Cornell analyzes forward-looking estimates of the equity risk premium through the lens of various competing approaches and assesses the relative merits of each. Among those scrutinized are the Discounted Cash Flow model, the Kaplan-Rubeck study, the Welch survey, and the Fama-French Aggregate IRR analysis. His insights on risk aversion theory, on the types of risk that have been rewarded over time, and on changing investor demographics all supply the sophisticated investor with important pieces of the risk premium puzzle.
In his invaluable summing up of the equity risk premium and the long-run outlook for common stocks, Cornell weighs the evidence and assays the impact of a lower equity risk premium in the future-and its profound implications for investments, corporate decision making, and retirement planning.
The product of years of serious analysis and hard-won insights, The Equity Risk Premium is essential reading for institutional investors, money managers, corporate financial officers, and all others who require a higher level of market analysis.
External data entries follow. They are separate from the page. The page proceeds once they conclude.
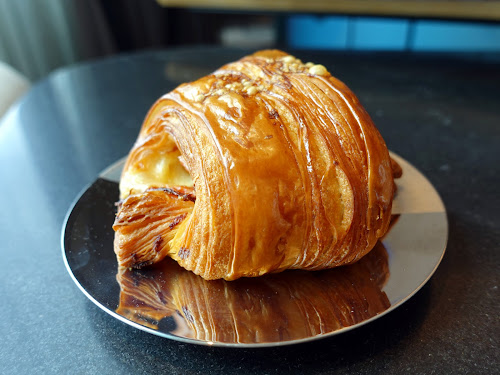 Lune Croissanterie CBD City, Brisbane [Amazing croissant and cruffin, can't-miss breakfast spot] - Ham and cheese croissant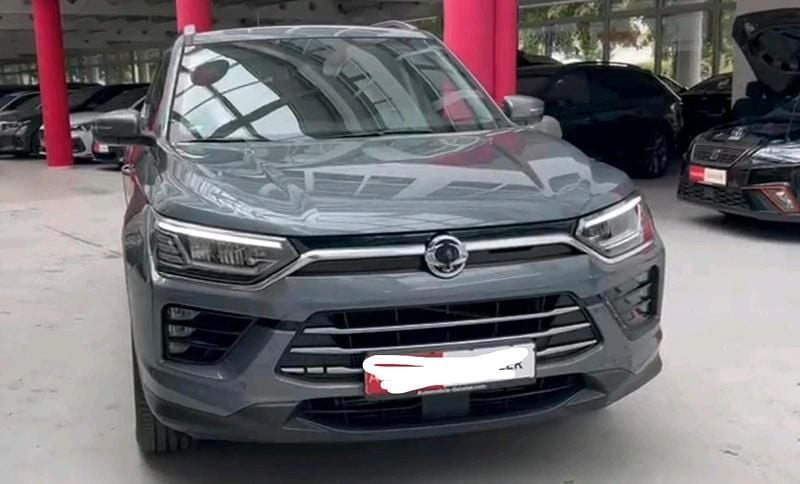 Grau Gebraucht 2020 Ssangyong Korando SUV | 21.000 € (Fairer Preis) - Bild 1/4
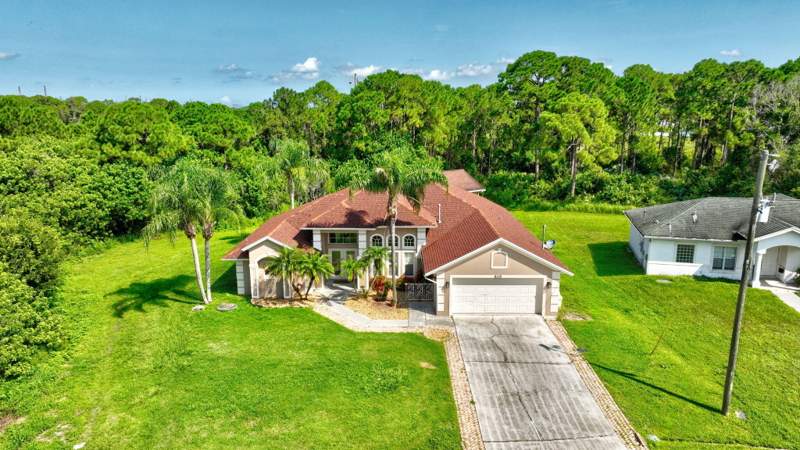 3 bedroom Single Family Residence at 6119 NW Gause Avenue, Port St Lucie Section 44, Port St. Lucie — photo 2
"The Equity Risk Premium plays a critical role in legal and regulatory matters related to corporate finance. Along with the cost of debt, it is the most important determinant of a company's cost of capital. As such, it is an integral part of the decision-making process in corporate finance. For instance, whether or not a major acquisition makes sense can depend on the assumed value of the equity risk premium. In addition, the equity risk premium is an issue that regulatory bodies consider when they set fair rates of return for regulated companies. Cornell's book is an important contribution because it includes both an historical analysis of the equity risk premium and provides tools for forecasting reasonable levels of the risk premium in the years ahead."-Theodore N. Miller, Partner, Sidley & Austin.
"Estimating how well stocks will do in the future from how well they have done in the past is like driving a car while looking in the rearview mirror. Brad Cornell provides us with an important forward-looking view in this easily understood guide to the equity risk premium and confounds the popular view that stocks will do well in the future because they have done well in the past."-Michael Brennan, Past President of the American Finance Association and Professor of Finance at the University of California at Los Angeles.